**** Exercise input
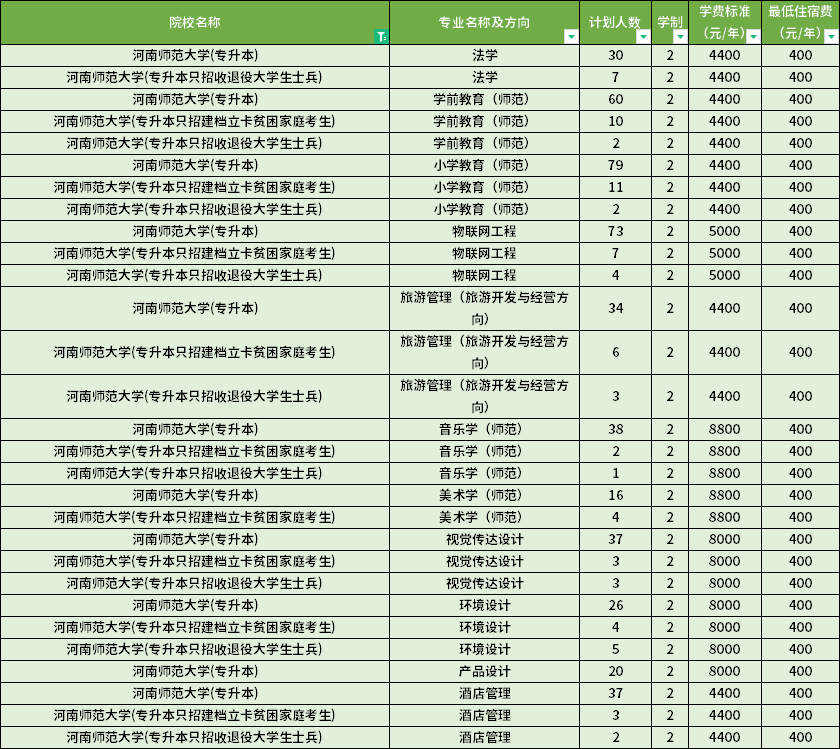 2022年河南師范大學(xué)專升本學(xué)費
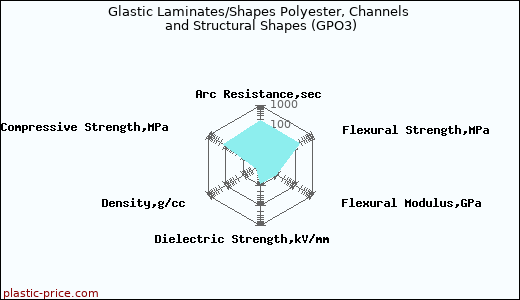 Glastic Laminates/Shapes Polyester, Channels and Structural Shapes (GPO3)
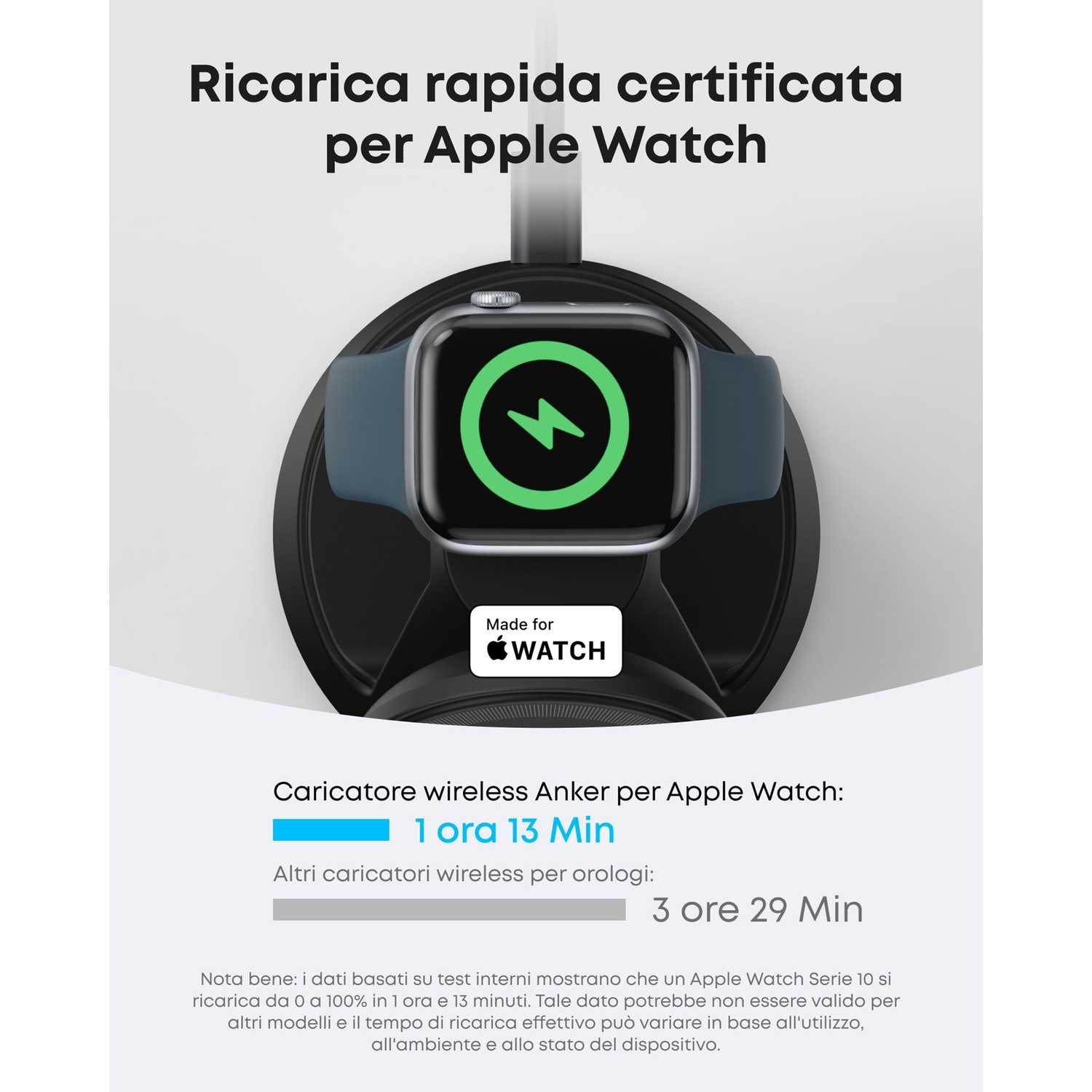Un Apple Watch su una base di ricarica. L'orologio mostra un'icona di fulmine verde. Il testo indica ricarica rapida.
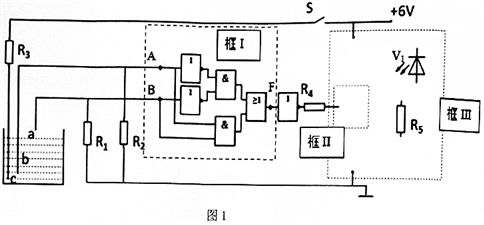 菁優(yōu)網(wǎng)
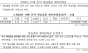 한국광해광업공단, 4년 만에 부채 1.2조 원 증가… 공기업 유일 ‘E등급’ 추락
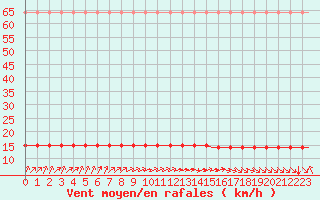 Courbe de la force du vent pour Saint-Romain-de-Colbosc (76)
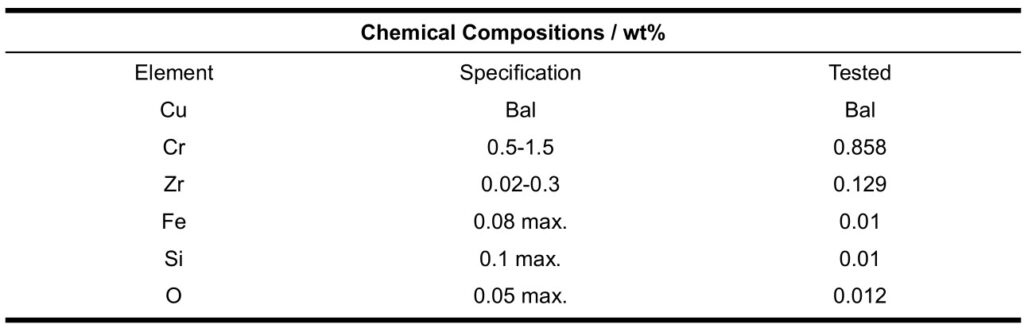 Additive Manufacturing of CuCrZr Copper Alloy Powder 4 CuCrZr Copper Alloy Powder chemical composition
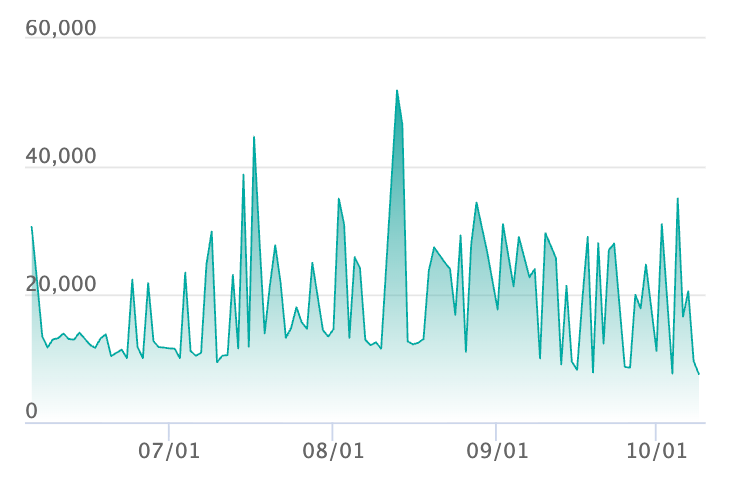 トウコ SARの最新の取引推移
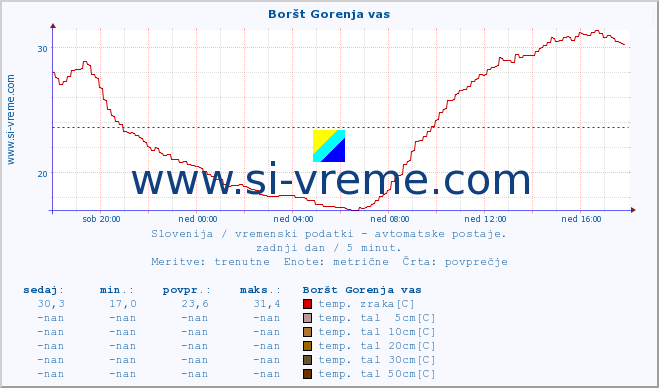 POVPREČJE :: Boršt Gorenja vas :: temp. zraka | vlaga | smer vetra | hitrost vetra | sunki vetra | tlak | padavine | sonce | temp. tal  5cm | temp. tal 10cm | temp. tal 20cm | temp. tal 30cm | temp. tal 50cm :: zadnji dan / 5 minut.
********
**Work item:** All of the records should be output exactly as they stand, with pictures omitted.

**Completed exercise:**
 2022年河南師范大學(xué)專升本學(xué)費
 Glastic Laminates/Shapes Polyester, Channels and Structural Shapes (GPO3)
Un Apple Watch su una base di ricarica. L'orologio mostra un'icona di fulmine verde. Il testo indica ricarica rapida.
 菁優(yōu)網(wǎng)
 한국광해광업공단, 4년 만에 부채 1.2조 원 증가… 공기업 유일 ‘E등급’ 추락
 Courbe de la force du vent pour Saint-Romain-de-Colbosc (76)
 Additive Manufacturing of CuCrZr Copper Alloy Powder 4 CuCrZr Copper Alloy Powder chemical composition
 トウコ SARの最新の取引推移
 POVPREČJE :: Boršt Gorenja vas :: temp. zraka | vlaga | smer vetra | hitrost vetra | sunki vetra | tlak | padavine | sonce | temp. tal  5cm | temp. tal 10cm | temp. tal 20cm | temp. tal 30cm | temp. tal 50cm :: zadnji dan / 5 minut.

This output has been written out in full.